§ Assignment: Return only the lines running from the one that contains "Michael Jackson Thriller Vinyl Record" through the end of the entries, exactly, both ends included. Omit pictures.

>>>

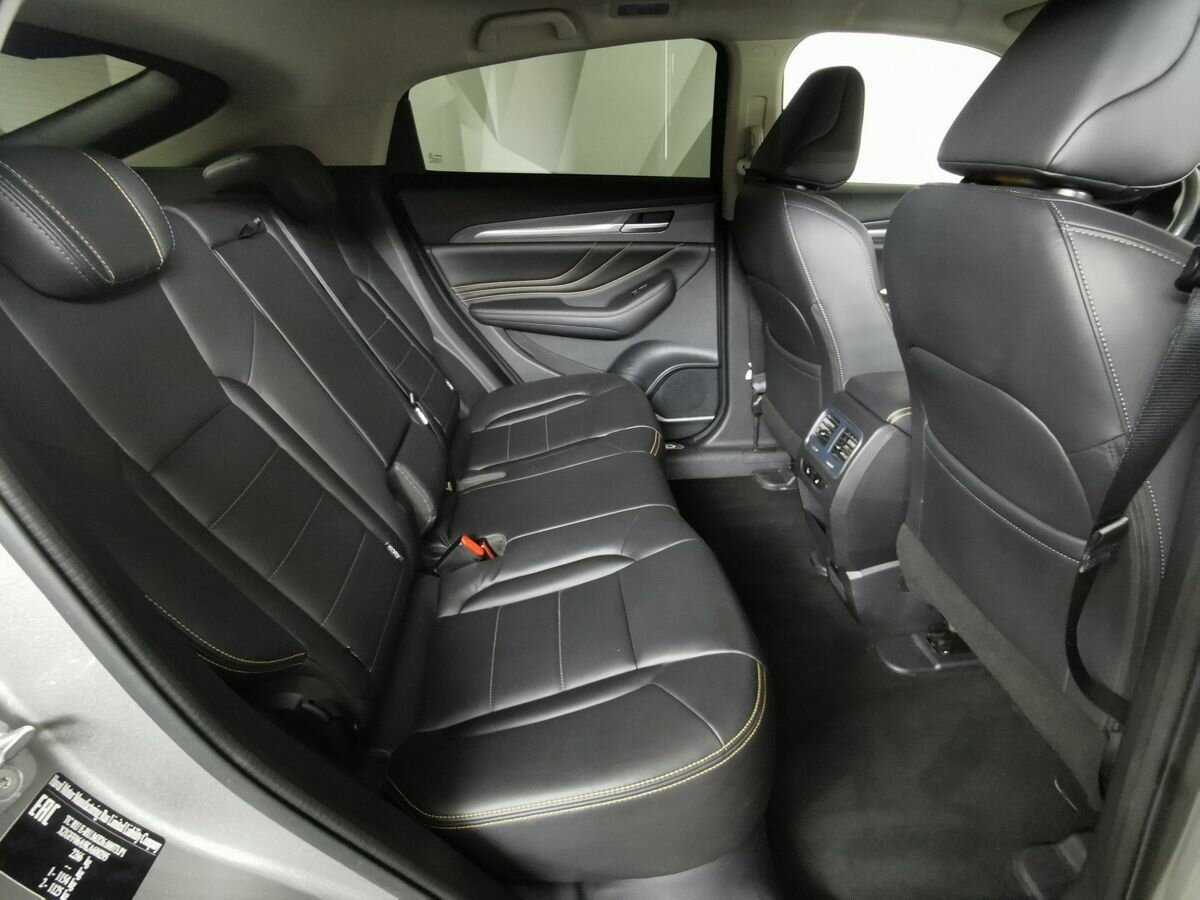 Купить Haval F7x с пробегом. Фото: #11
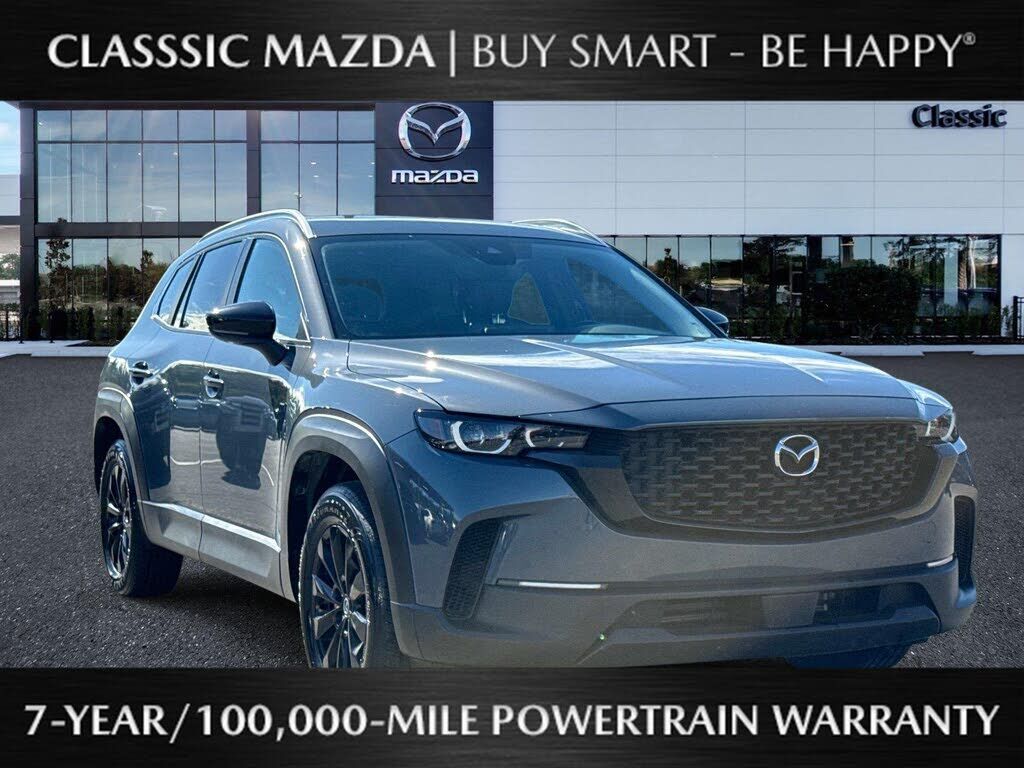 2024 MAZDA CX-50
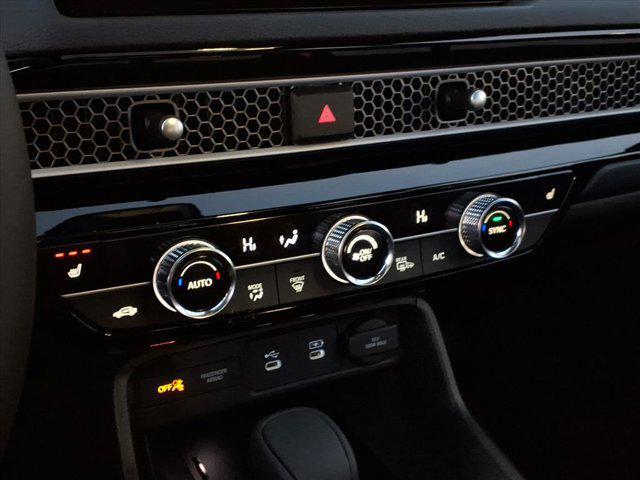 new 2026 Honda Civic Hybrid car, priced at $32,022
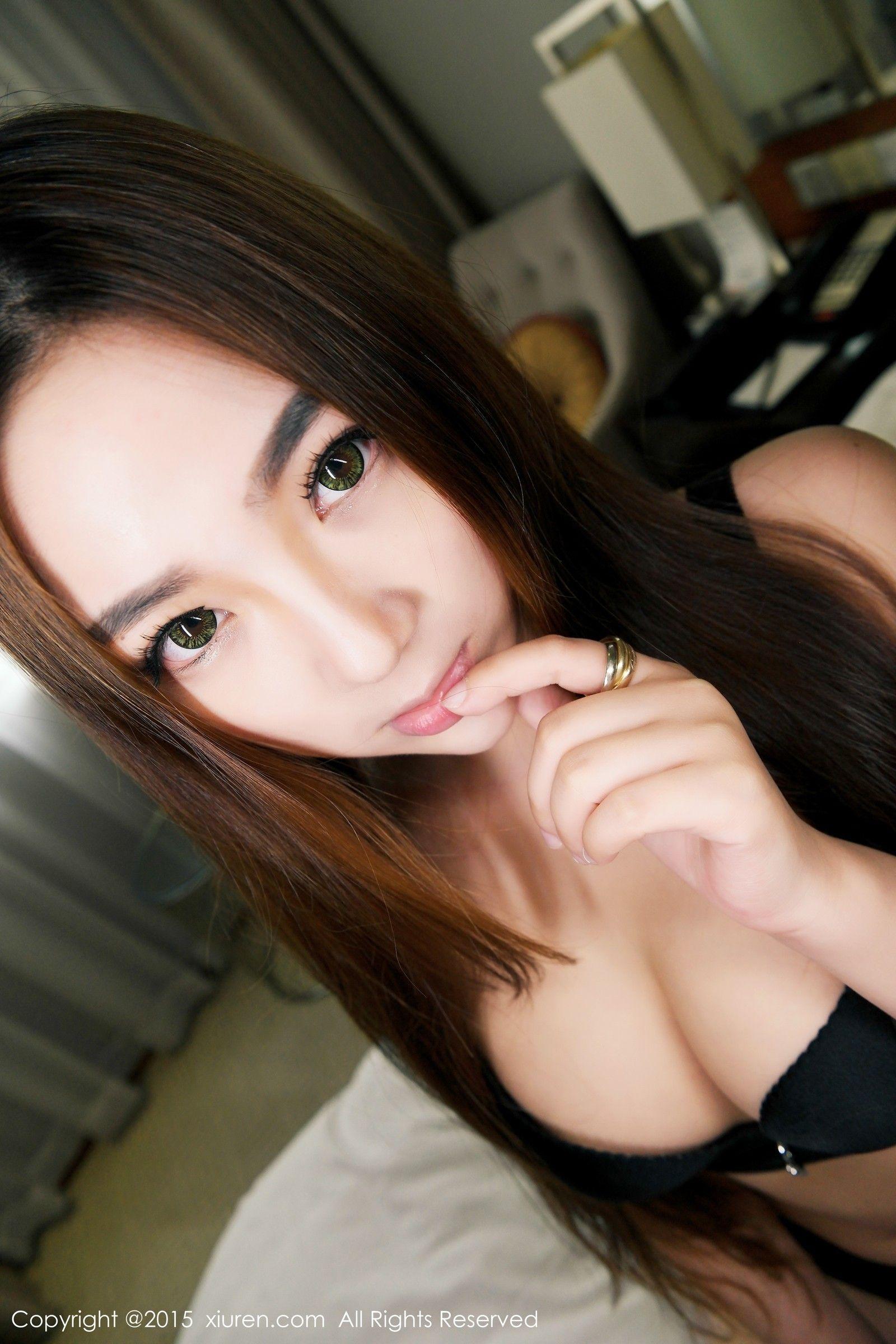 [秀人XIUREN] 2015.08.19 NO.381 顽皮猫baby_p052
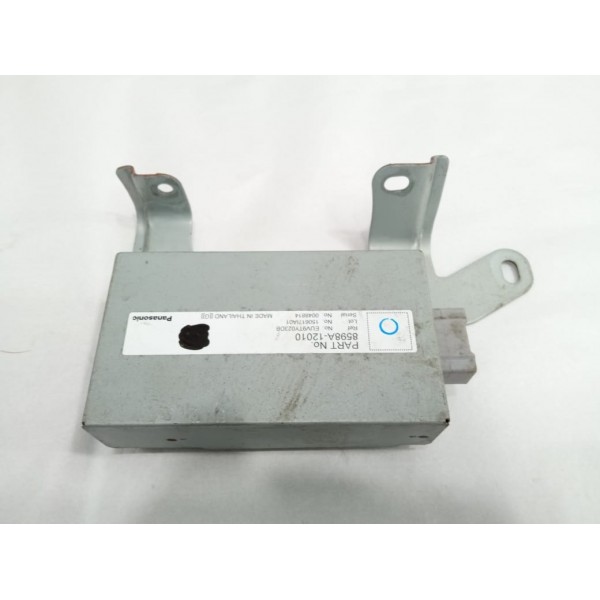 Módulo Central Elétrica Toyota Corolla 2015 2016 8598a12010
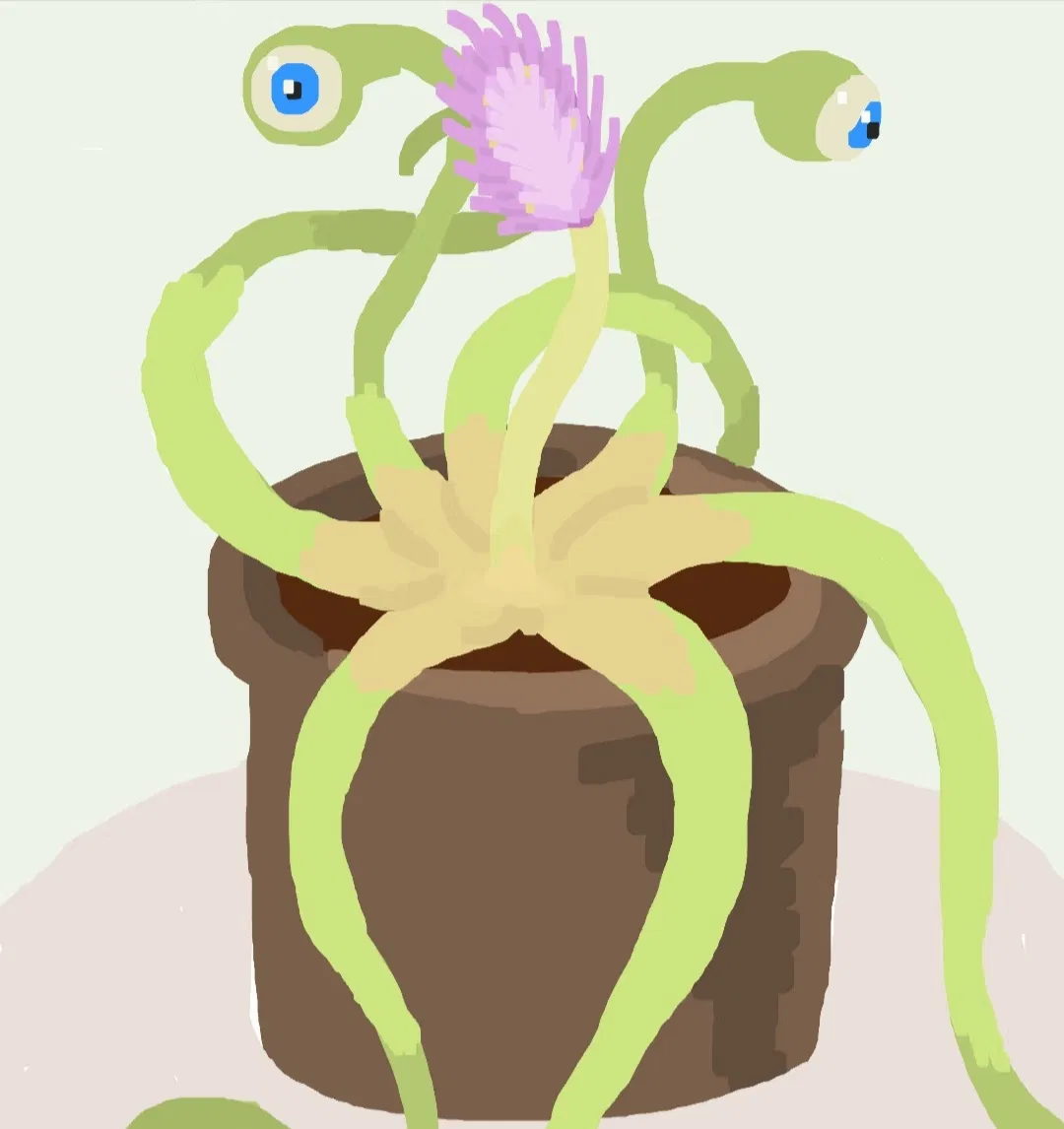 Avatar of Vitas the monster-flower
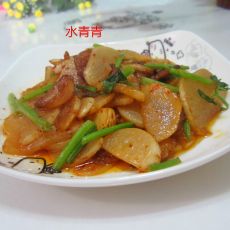 酱香白萝卜片的做法 酱香白萝卜片的做法
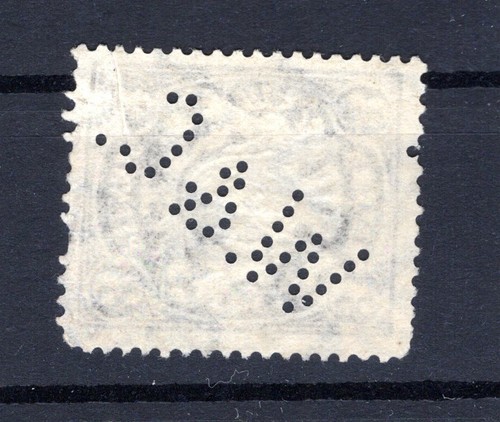 Bavaria COMPANY HOLE PERFIN W&C (CA5060)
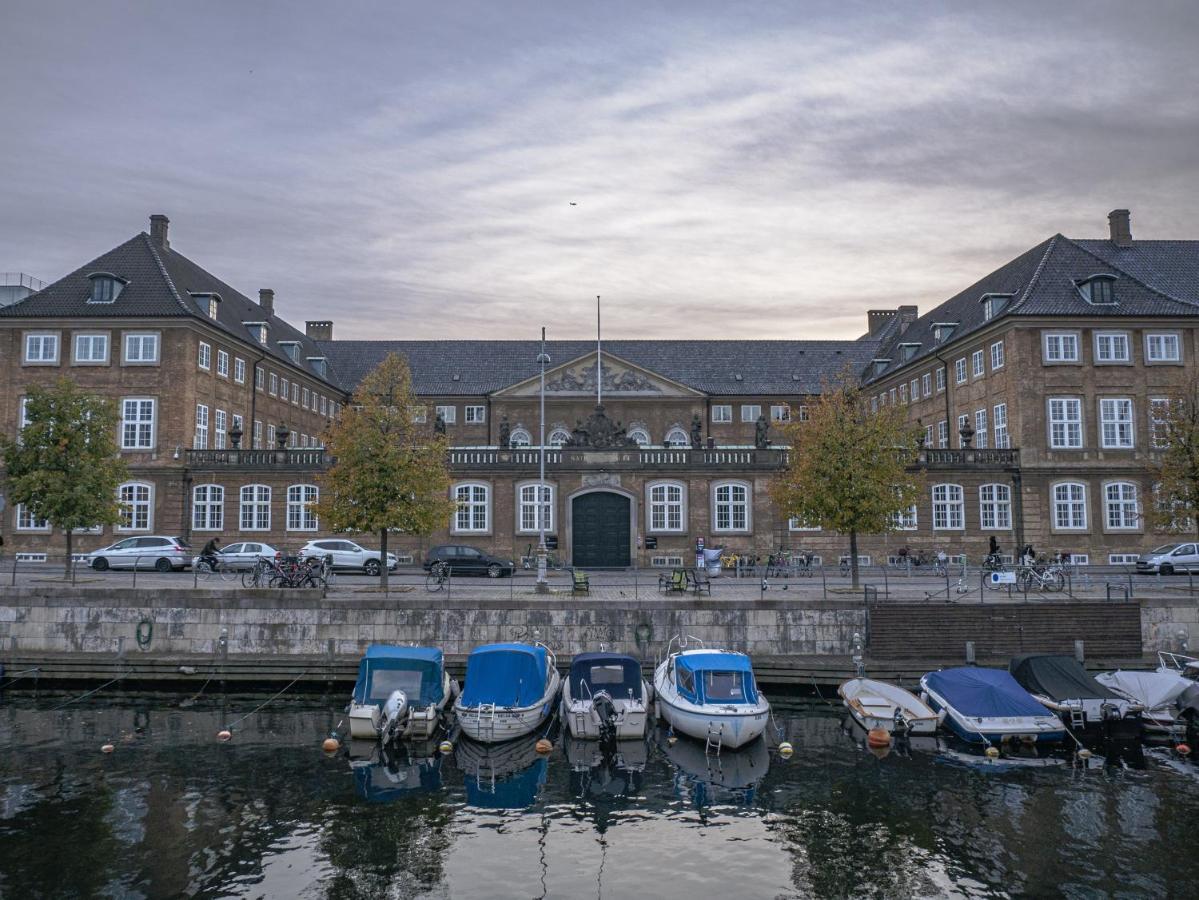 Luxury Apartment W Privat Rooftop Terrace - Cph C Kopenhagen Exterior foto
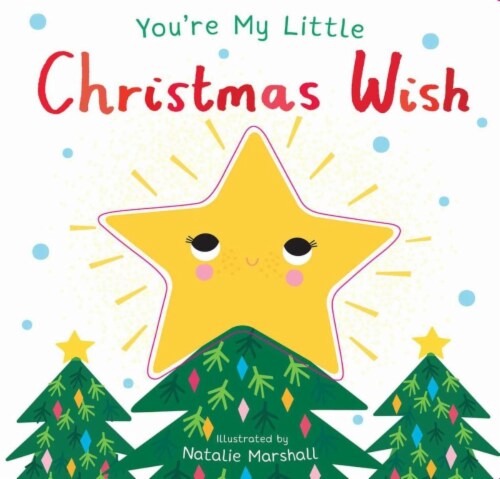 You're My Christmas Wish by Natalie Marshall Perspective: front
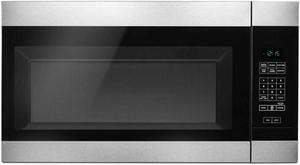 Amana AMV2307PFS 1.6 Cu. Ft. Stainless Over-the-Range Microwave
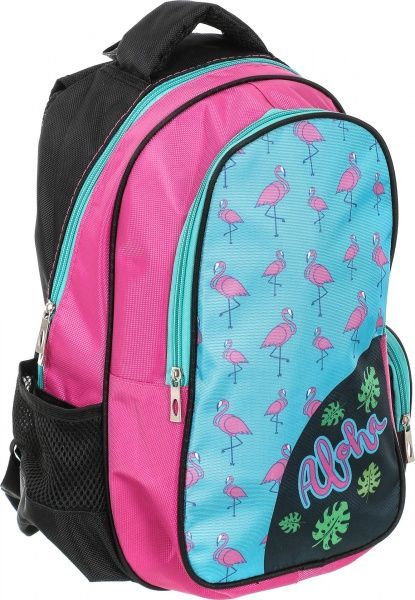 Рюкзак шкільний Фламінго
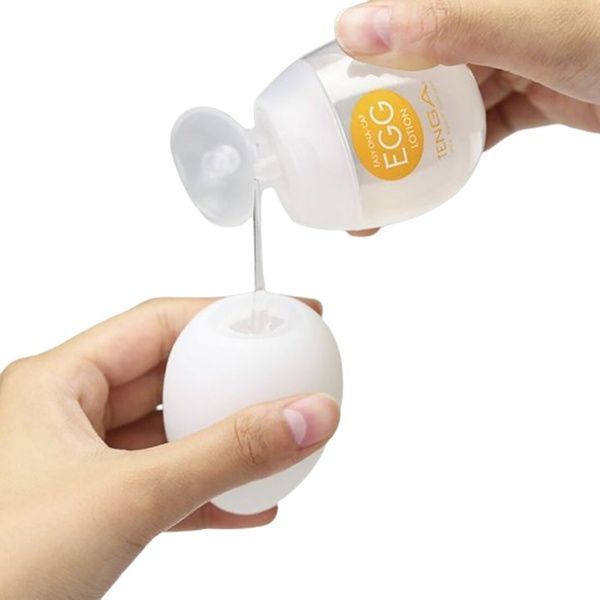 Лубрикант на водній основі Tenga Egg Lotion (65 мл) універсальний SO1657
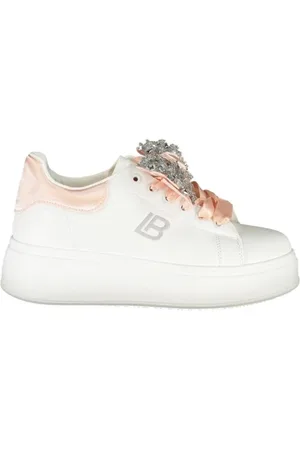 Laura Biagiotti Mujer, Zapatos, Blanco, Talla: 41 EU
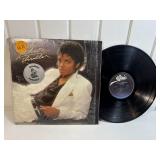 Michael Jackson Thriller Vinyl Record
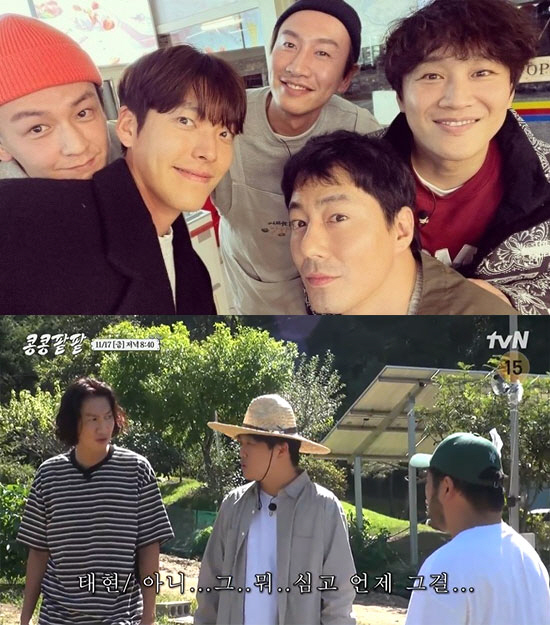 '태계일주 어서와'-'어쩌다 콩콩팥팥', 예능 유니버스의 시대 [SC이슈…
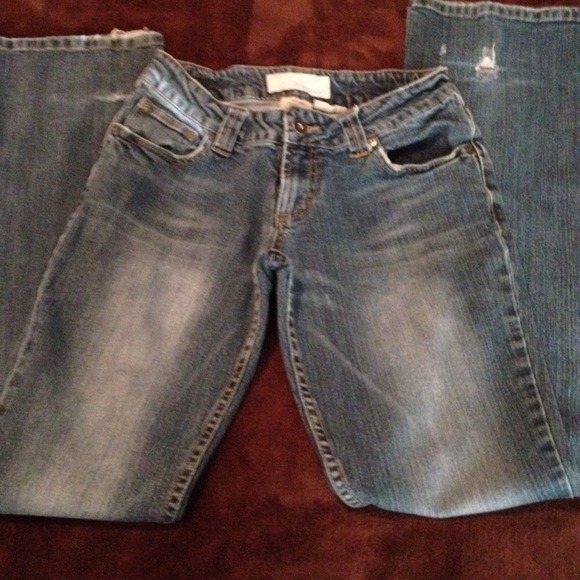 Maurices boot cut jeans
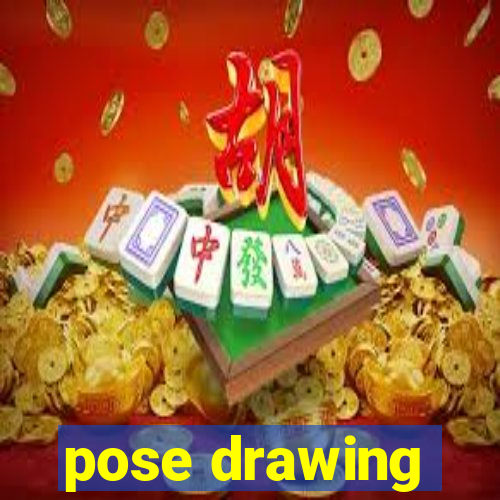 pose drawing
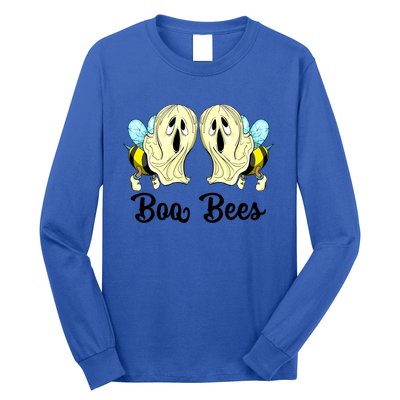 Boo Bees Meaningful Gift Long Sleeve Shirt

<<<

§ Solution:
 Michael Jackson Thriller Vinyl Record
 '태계일주 어서와'-'어쩌다 콩콩팥팥', 예능 유니버스의 시대 [SC이슈…
 Maurices boot cut jeans
 pose drawing
 Boo Bees Meaningful Gift Long Sleeve Shirt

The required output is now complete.